#### [What is expected]
What you should give back is a precise copy of the lines below from the one containing "Apple iPhone 15" through the one containing "Kia Carnival 11-seater", with no pictures.

#### [Data excerpts]
_ _ _ _

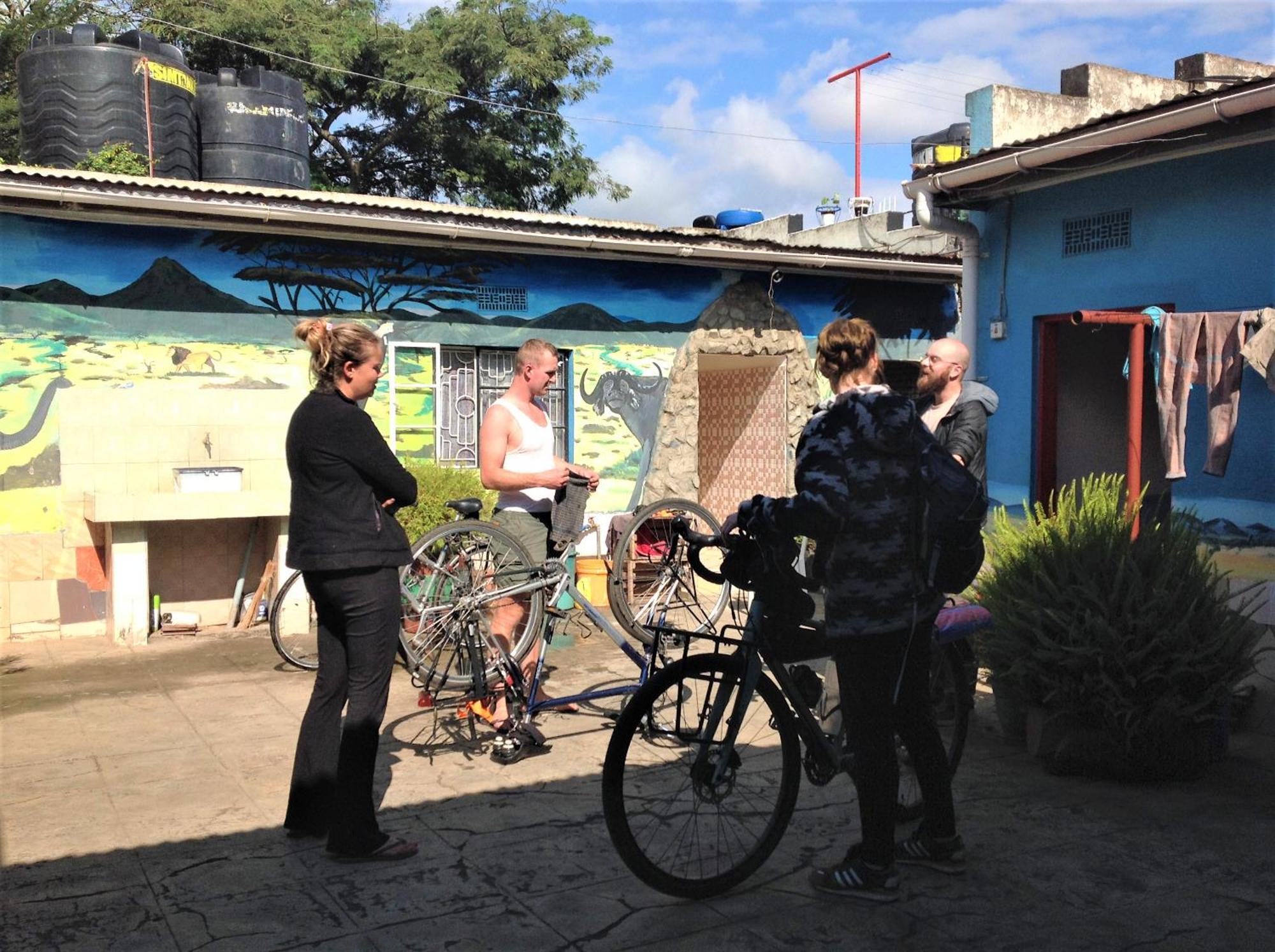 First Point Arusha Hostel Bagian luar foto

_ _ _ _

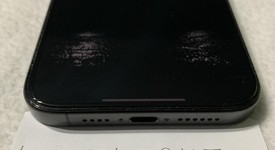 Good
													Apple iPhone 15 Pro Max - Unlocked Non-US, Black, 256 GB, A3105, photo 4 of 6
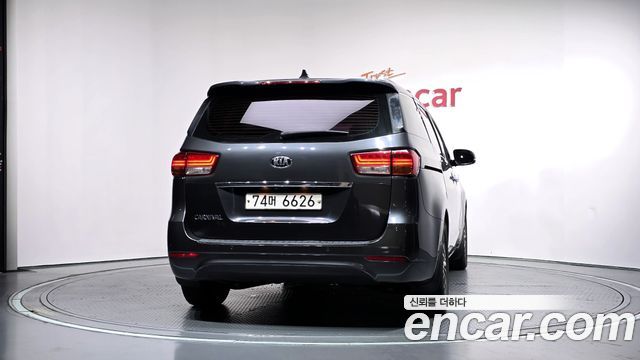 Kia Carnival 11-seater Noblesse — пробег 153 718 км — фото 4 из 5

_ _ _ _

#### [Response to the exercise]
													Apple iPhone 15 Pro Max - Unlocked Non-US, Black, 256 GB, A3105, photo 4 of 6
 Kia Carnival 11-seater Noblesse — пробег 153 718 км — фото 4 из 5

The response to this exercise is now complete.